# Springador / Labradinger



## JimBobWalton (16 June 2008)

Hi,

Does anyone know what the differnce is between a Springador and a Labradinger...? Is there a difference or is a Labradinger just the US name for a Springador...?

We have just acquired a beautiful Springador, mother was Springer, father a Lab. 

She has Springer ears, coat and tail with a gentle Lab temperament!

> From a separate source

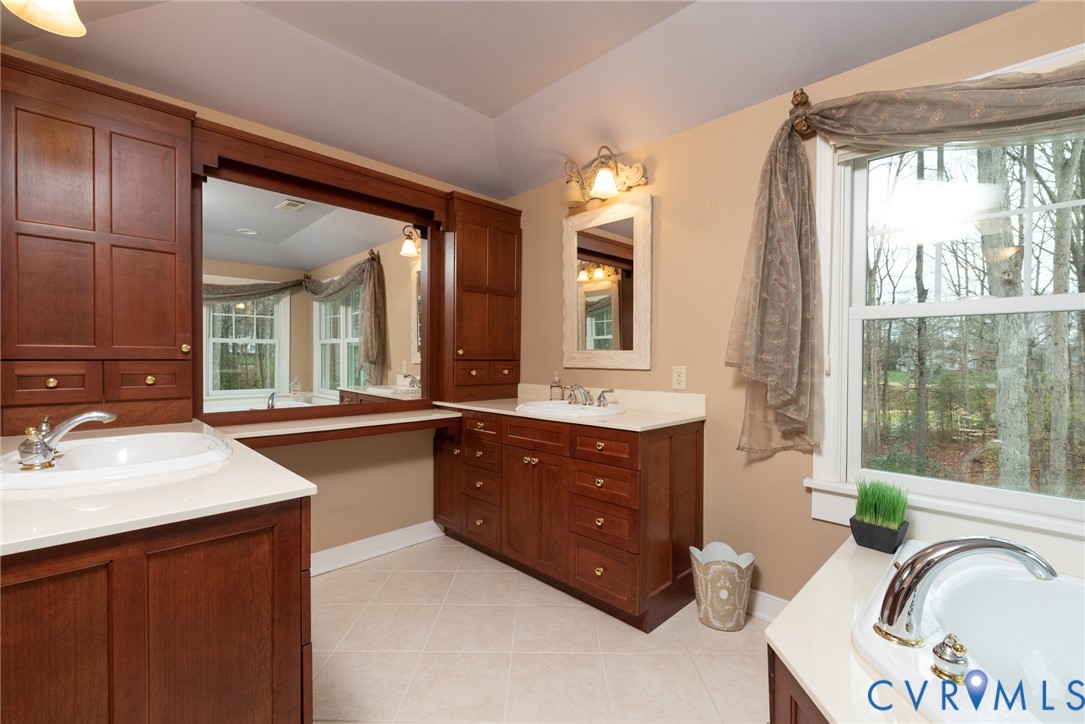 11920 Rothbury Drive Richmond, VA 23236 - Photo 24 of 68 a spacious bathroom with a granite countertop sink mirror and a bathtub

She has been mistaken for a flat coated retriever by one or two people and I think she is quite setter-like.

Jim


----------



## Ravenwood (16 June 2008)

Never heard of a Labradinger!  They are all called Springadors round here.


----------



## Baggybreeches (17 June 2008)

Round here they are just called mongrels!! 
	
	
		
		
	


	




Never heard of a labradinger so I would think that is an american term. 
I have seen some springadors and they do look like flat coat retrievers. I have a pointador (GSP x lab) and he just looks like a fat pointer.


----------



## ann-jen (17 June 2008)

I think its supposed to be to do with whether the mother or the father was the springer as to which way round it goes but most people just call them springadors over here.


----------



## sloulou (17 June 2008)

LOL - I would just call them mongrels  
	
	
		
		
	


	





But what does it matter if you love you dog


----------



## ihatework (17 June 2008)

Sounds like a mongel to me too, but a very nice mix. Certainly one I'd be keen to have


----------



## katesprl (16 November 2008)

Hi 
I'm interested in getting a Springador for around January/Feb time. 
Please let me know if you know of any breeders/litters or have any advice. 
Previously owned a beautiful Springer but this time thought it'd be nice to combine with a more biddable temperament. 
Thanks


----------



## fisherac (22 January 2009)

We currently have a litter of springadors first cross with both mother and father with excellent working pedigrees (including many FTCH), please visit our web address at osgodbygundogs.co.uk


----------



## kirstyhen (22 January 2009)

As I have seen said before, you could end up with a perfect mix, OR, you could end up putting a brain in a springer or take the brain from a labrador, either way it's dangerous


----------